Welcome to Talker of the Town! My name is David Kramer. I have a Ph.D in English and teach at Keuka College. I am a former and still active Fellow at the Nazareth College Center for Public History and a Storyteller in Residence at the SmallMatters Institute. Over the years, I have taught at Monroe Community College, the Rochester Institute of Technology and St. John Fisher College. I have published numerous Guest Essays, Letters, Book Reviews and Opinion pieces in The New York Times, Rochester Democrat and Chronicle, the Buffalo News, the Rochester Patriot, the Providence Journal, the Providence Business News, the Brown Alumni Magazine, the New London Day, the Boston Herald, the Messenger Post Newspapers, the Wedge, the Empty Closet, the CITY, Lake Affect Magazine and Brighton Connections. My poetry appears in The Criterion: An International Journal in English and Rundenalia and my academic writing in War, Literature and the Arts and Twentieth Century Literary Criticism. Starting in February 2013, I wrote for three Democratic and Chronicle  blogs, "Make City Schools Better," "Unite Rochester," and the "Editorial Board." When my tenure at the D & C  ended, I wanted to continue conversations first begun there.
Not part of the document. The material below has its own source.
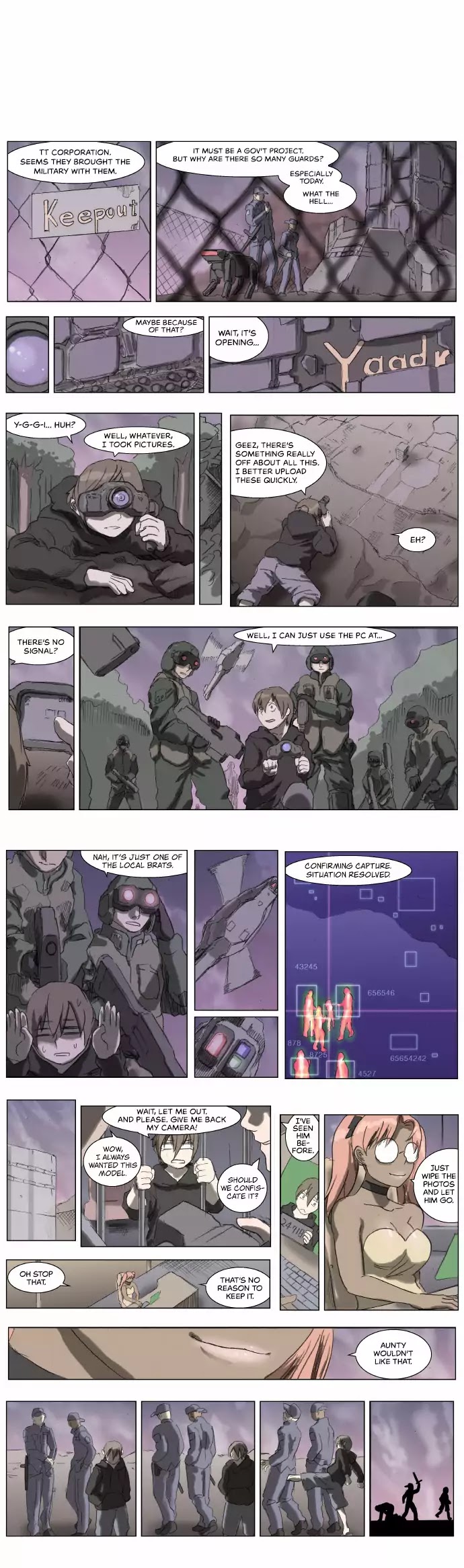 Knight Run Chapter 175 page 1 - Chapter 175: Hero (6) - Yggdrasil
And start new ones.  So we created this new space, Talker of the Town, where all are invited to join. I don’t like to say these posts are “mine.” Very few of them are the sole product of my sometimes overheated imagination. Instead, I call them partnerships and collaborations. Or as they say in education, “peer group work.” Talker of the Town might better be Talkers of the Town. The blog won’t thrive without your leads, text, pictures, ideas, facebook shares, tweets, comments and criticisms.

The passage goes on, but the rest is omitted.